Pemerintah tidak dapat berjalan sendiri. Dunia usaha, lembaga pendidikan, organisasi masyarakat, hingga media massa memiliki peran besar dalam membangun kesadaran kolektif tentang bahaya stunting. Program CSR perusahaan bisa diarahkan pada penyediaan pangan bergizi atau pembangunan sarana sanitasi. Sekolah dapat mengintegrasikan pendidikan gizi dalam kurikulum. Media bisa terus mengangkat kisah inspiratif dari keluarga atau daerah yang berhasil menekan angka stunting, sehingga menjadi motivasi bagi daerah lain. Kolaborasi ini akan menyalakan semangat gotong royong untuk melahirkan generasi sehat.

Dari perspektif pembangunan nasional, menurunkan angka stunting berarti menyiapkan sumber daya manusia yang unggul. Generasi yang bebas dari stunting akan memiliki kemampuan belajar yang lebih baik, produktivitas kerja yang lebih tinggi, serta ketahanan tubuh yang lebih kuat. Dengan begitu, stunting bukan hanya masalah kesehatan anak, melainkan juga masalah daya saing bangsa. Indonesia tidak akan mampu mencapai visi Indonesia Emas 2045 jika masih banyak generasi mudanya yang terhambat perkembangannya akibat stunting.
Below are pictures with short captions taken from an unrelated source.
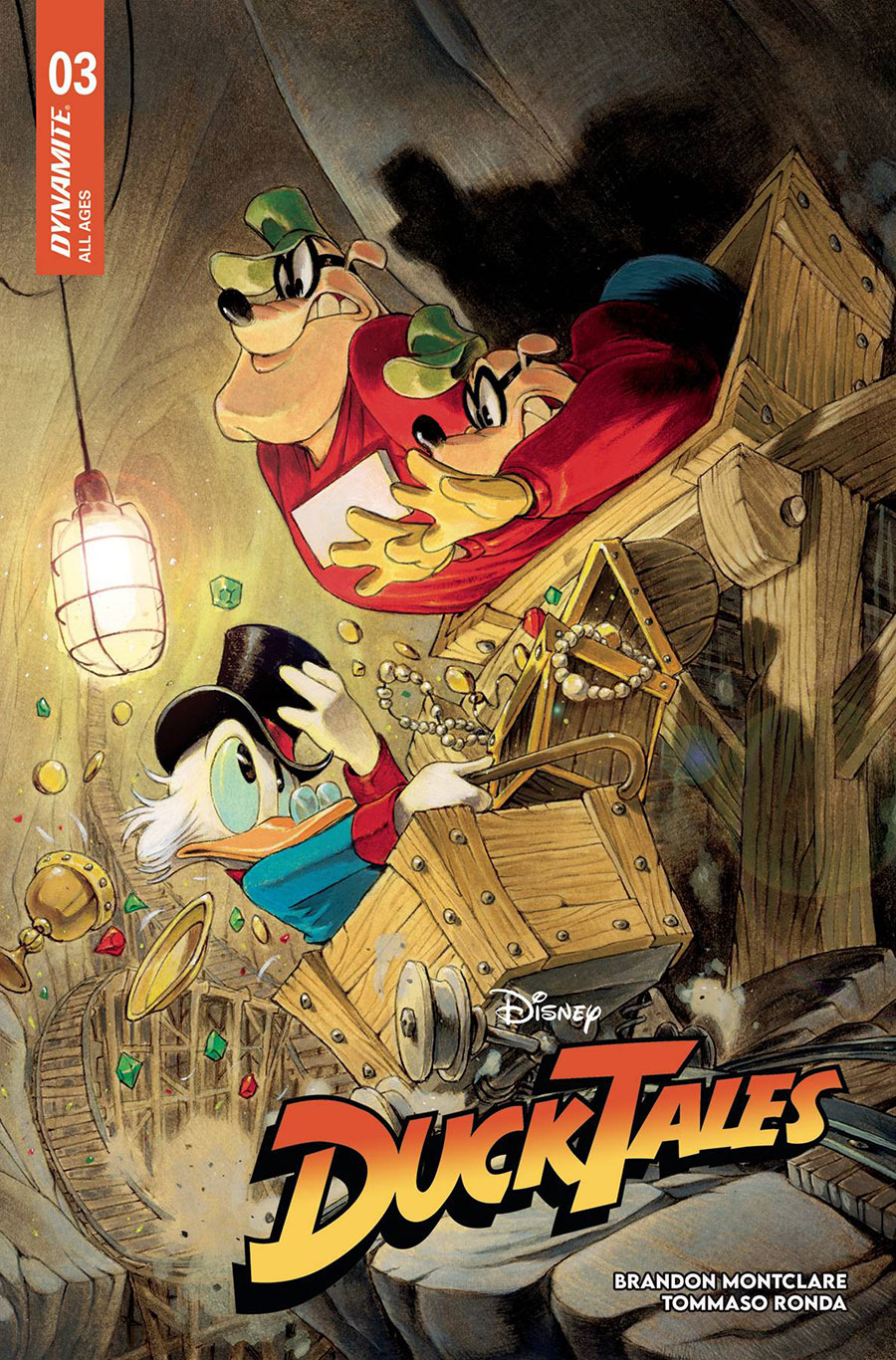 Ducktales #3 (2025)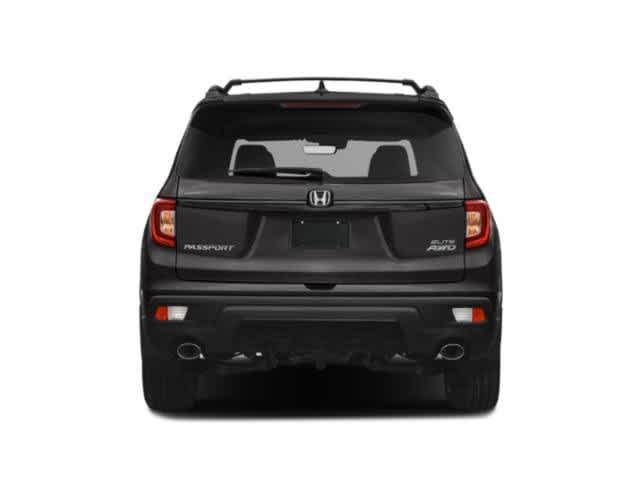 used 2020 Honda Passport car, priced at $26,437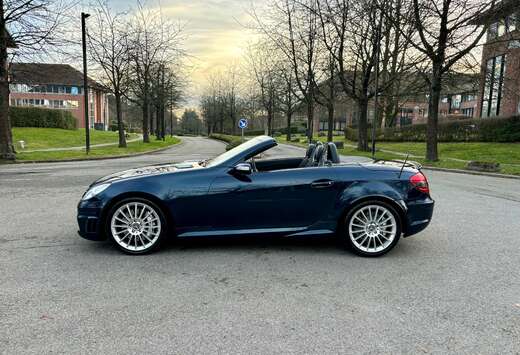 Mercedes-Benz 5,5 V8 FULL HISTORY  ** 1 of 9000ex - 1 ...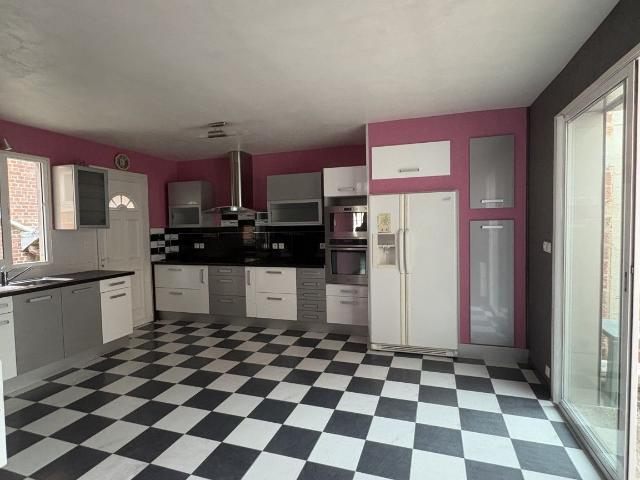 Appartement 4 pièces 103 m²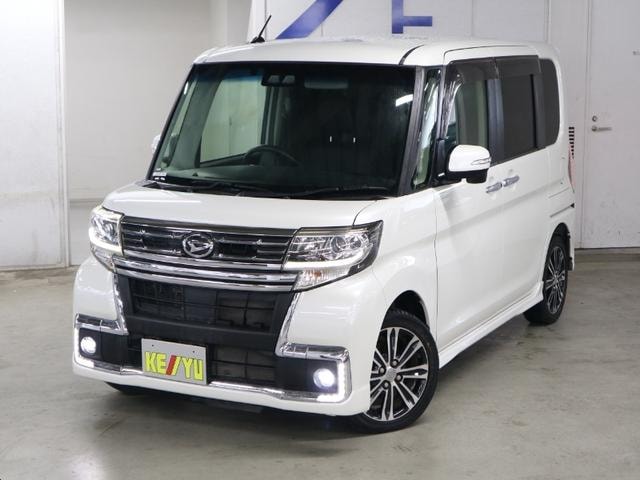 Daihatsu TANTO 2017 — фото автомобиля 1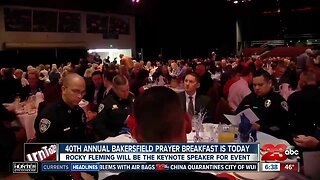 40th Annual Bakersfield Prayer Breakfast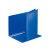 Leitz Essentials Presentation 4 ring x 16 mm gyűrűs iratgyűjtő A4 Kék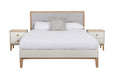 Marlow 4ft6 Bed Taupe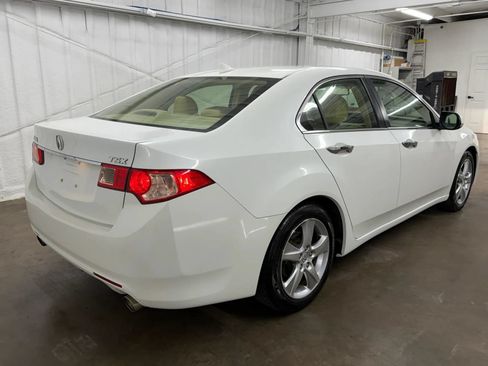 Used 2012 Acura TSX Sedan FWD image 4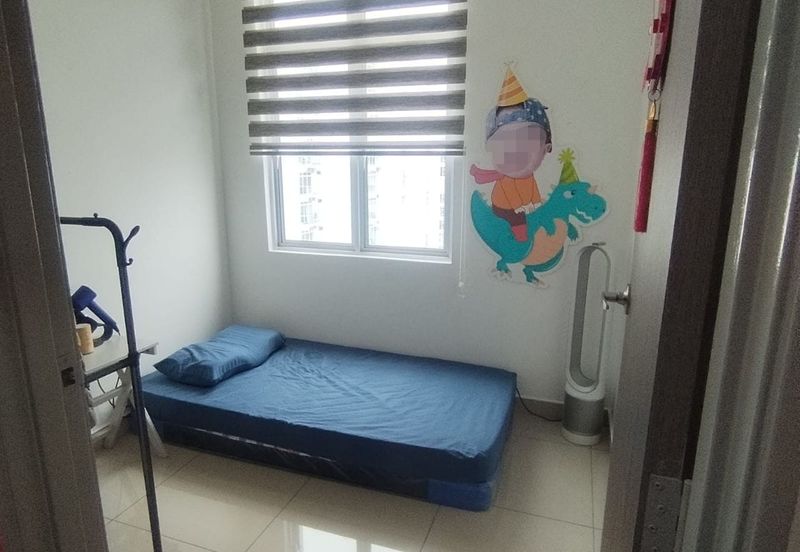 SKS Habitat Apartment, Larkin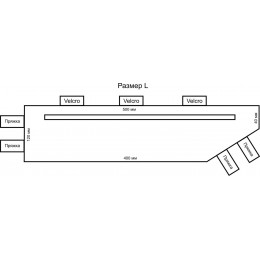 Сумка подрамная Кайлер Аврора, черная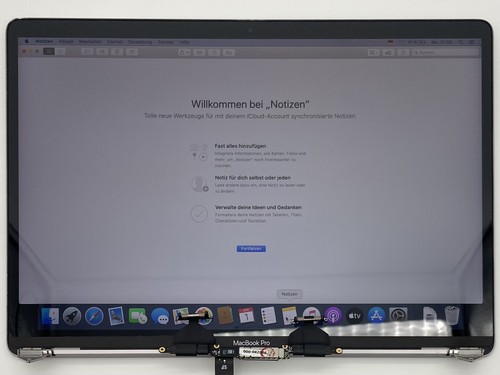 Display lcd originale macbook - display,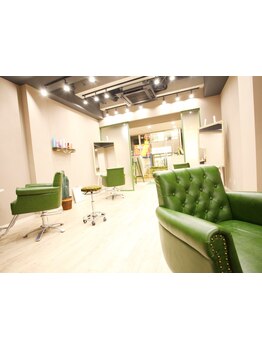 家族で気兼ねなく通えるサロン♪忙しい毎日に癒しのご褒美を…【小岩/新小岩/平井】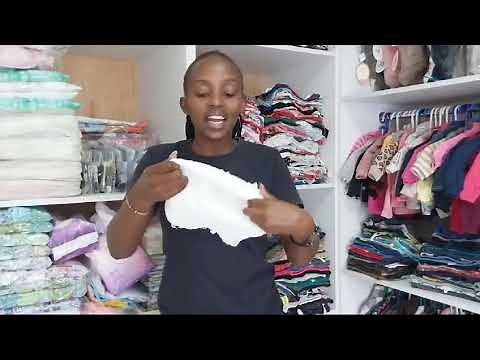 How to Use a Maternity Pad
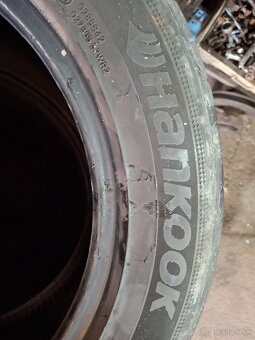 HANKOOK 215/55 R16 - 3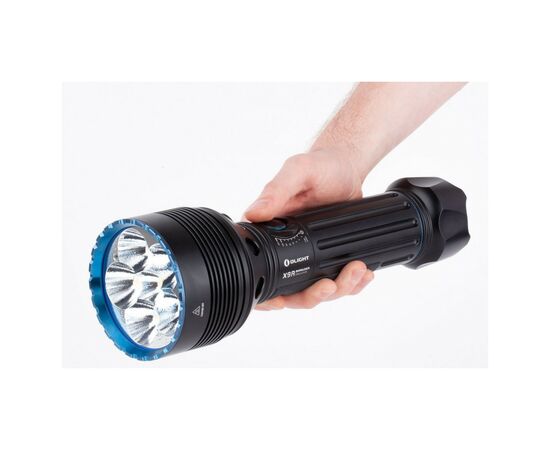 Фонарь Olight X9R Marauder, изображение 11 Фонарь Olight X9R Marauder, изображение 11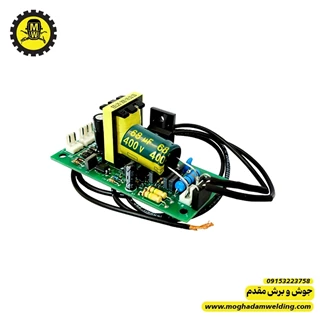 منبع تغذیه دوبل 24 ولت 2 آمپر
Tantangan memang tidak mudah. Masih banyak keluarga miskin yang kesulitan memenuhi kebutuhan gizi harian, masih ada daerah terpencil yang sulit mengakses layanan kesehatan, dan masih terdapat pola pikir masyarakat yang salah kaprah tentang asupan gizi. Namun, di balik semua tantangan itu, ada harapan besar yang terus tumbuh. Gerakan nasional percepatan penurunan stunting telah membawa kesadaran baru bahwa setiap anak Indonesia berhak tumbuh sehat, berhak memiliki masa depan cerah, dan berhak menjadi generasi penerus yang membanggakan.

Kini, momentum untuk menuntaskan masalah stunting sudah di depan mata. Setiap langkah kecil yang dilakukan, mulai dari memberikan ASI eksklusif, menyiapkan makanan bergizi, hingga menjaga kebersihan lingkungan, adalah bagian dari upaya besar melawan stunting. Setiap anak yang tumbuh sehat adalah simbol harapan yang hidup, tanda bahwa perjuangan ini tidak sia-sia. Dengan semangat kebersamaan, kita bisa mengakhiri jejak stunting di negeri ini, dan memastikan bahwa generasi mendatang tumbuh sehat, tumbuh cerdas, dan tumbuh penuh harapan.